Tuesday, April 27

Sleep Studying

People poke fun at the idea of sleeping with a book beneath your pillow in the hopes that knowledge will follow the rules of osmosis. But last night really made me wonder if it is possible to learn in your sleep.

I had quite contentedly fallen asleep to the soothing melodies of George Winston. This morning I awoke in some confusion, thinking that all my alarms had gone off, and that I had overslept (which turned out not to be the case). No big deal. No finals today, at least not ones for which I need to study. But as I lay there awake, I began to think about what I had been dreaming about just prior to my awakening.

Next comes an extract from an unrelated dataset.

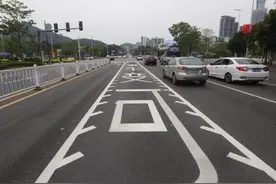​“锯齿车道”是什么意思？如果这都不知道，别说自己是老司机图片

Someone in my dream had been expounding on Bible verses. I couldn't quite wrap my mind around what he had been saying, though somehow I knew it had been surrounded by some slightly odd circumstances in my dream. It was then that I realized that no longer were the sweet sounds of George Winston reverberating in my ears, but instead the comparatively unmelodious voice of Eugene Prewitt.

Saturday, April 24

A Laodicean Sink

Oh, the virtues of a Laodicean sink. Would that mine were one.

I love washing dishes. No, I'm not just saying that; I really do enjoy washing dishes. There are other chores that I enjoy not so much, but washing dishes is soothing for me. Unfortunately, the sink where I currently reside tends to be either quite cold or scalding hot. This poses a slight problem for rinsing the dishes, and each time, I am faced with a decision-- do I burn my fingers, or do I rinse the dishes in cold water?

I was thinking about this today, and I wondered, am I like my sink? When I speak to people, do the words pouring forth from my lips sear like the Refiner's fire? Do I speak the Truth in boldness that tells of the Source of an unquenchable fire in my soul? Or am I merely spouting the mediocrity of a love growing cold?

Monday, April 19

Soccer

Soccer boosts my spirits like nothing else. Adrenaline surging through my veins, making my legs shake if I stand still. The extreme satisfaction of making a superb play. The camaraderie. The severe soreness that results from willing my muscles to work just a little harder. It just... words fail me at the moment to describe how satisfying soccer is for me.

Tonight we played so well. It was probably one of the best games I played this year, though I didn't do as well as I would have liked when I played midfield. There were some truly incredible plays by our goalie, Erin, and several others made epic saves as well. Despite the facts that the referees were making biased calls and the opposition was the number one team in the league, I am extremely pleased at the outcome.

The opposing team's record before our game was 25 season goals and no allowed goals in 5 games. While we didn't score any goals, our goalie only allowed 2, and one of those was a penalty kick, which is nearly impossible to block.

I love the satisfaction of a game well played. I am reminded of Paul's analogy of the race we run in this Great Controversy. I'm no runner, unfortunately. But relating it to soccer helps me see more clearly the point Paul was making. In the game tonight, I made some mistakes, I slipped up. But I also pressed on, pushing myself beyond my limits. I made some good plays, worked with my team, and played hard against the opposition. When all was said and done, after the game I was satisfied with my performance, even though I wasn't on the winning end of the game.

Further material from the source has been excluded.